Diocese based in Estonia

The Diocese of Tallinn is a Latin Church diocese that covers the entire country of Estonia.

It was an apostolic administration (quasi-diocesan jurisdiction) of the Latin Catholic Church in Estonia from its formation in 1924 to 2024. Its cathedral episcopal see, the St. Peter and St. Paul's Cathedral, is located in Tallinn.

The post of apostolic administrator was often held by titular archbishops who also held posts in the diplomatic service of the Holy See as nuncio to Estonia, Latvia, and Lithuania.

== History ==
An ancient diocese with the see in Reval (Reval was the name of Tallinn until 1918) existed between 1219 and 1557.

Between 1782 and 1918 Estonia was part of the Roman Catholic Archdiocese of Mohilev and in 1786 the Roman Catholic community was officially recognized.

In 1918, when Estonia gained independence from Russia, its citizens had complete freedom of religion.
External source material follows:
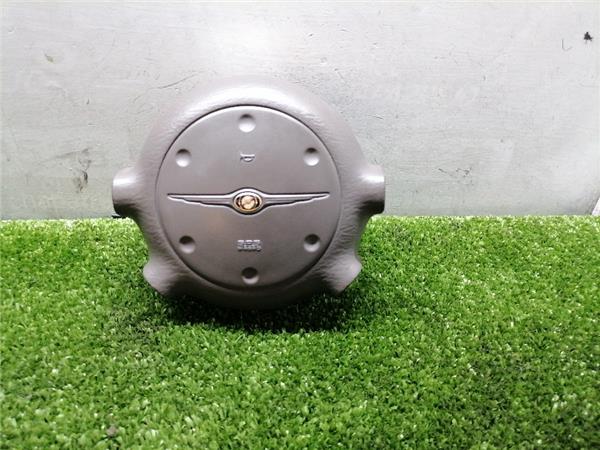 PT Cruiser 2000- Airbag Volante PT Cruiser 2000- Airbag Volante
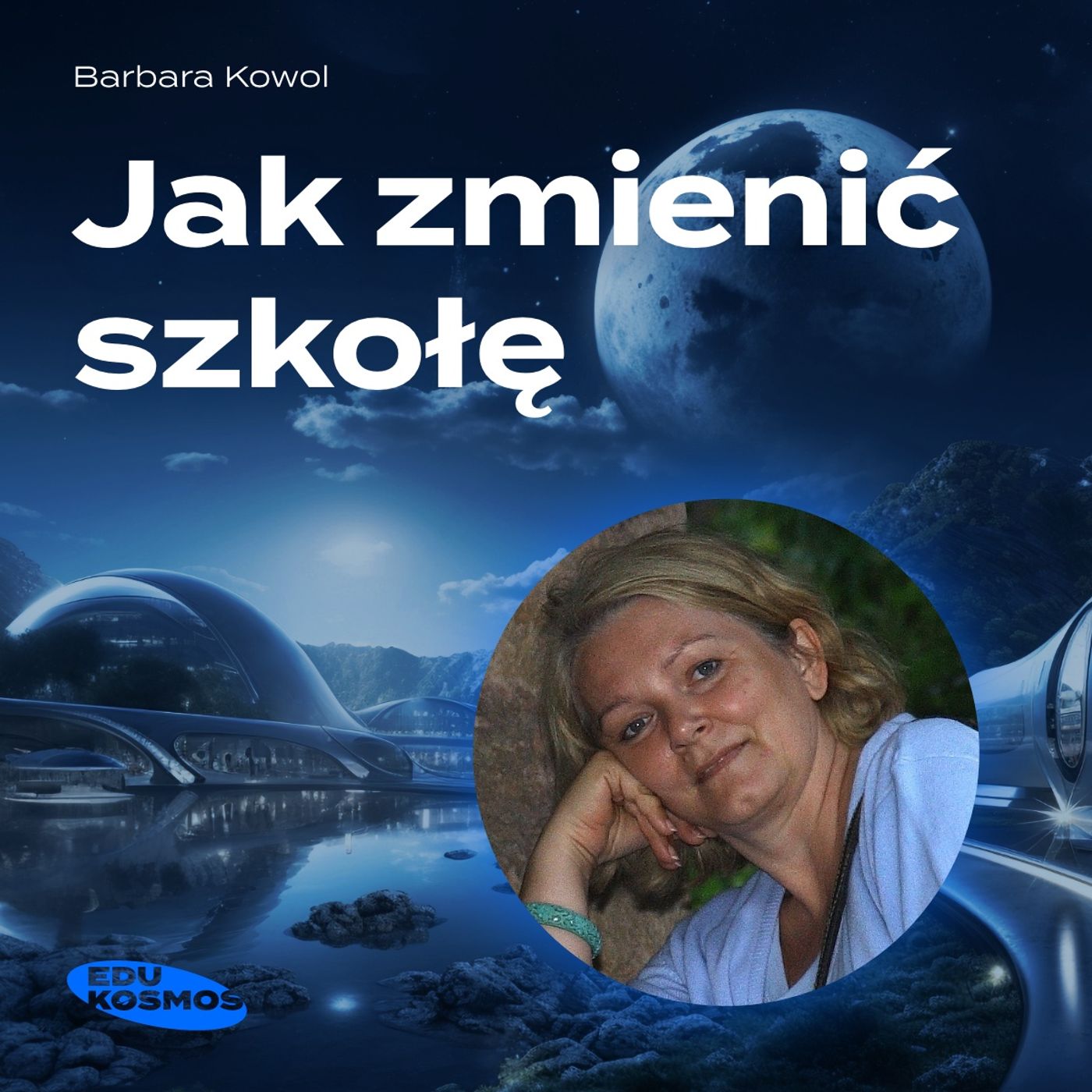 EduKOSMOS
The Holy See recognized Estonia on 10 October 1921. The Apostolic Administration of Estonia was established on November 1, 1924, on territory split off from the Roman Catholic Archdiocese of Riga (in the neighboring Baltic country Latvia).

The see remained vacant during most of the period when Estonia was occupied and annexed into the USSR after the death of Bishop Eduard Profittlich in 1942 because of the suppression of the Church by Soviet communist authorities.

Since 1992, after Estonia's post-communist independence, apostolic administrators are once again appointed. Pope John Paul II visited in September 1993.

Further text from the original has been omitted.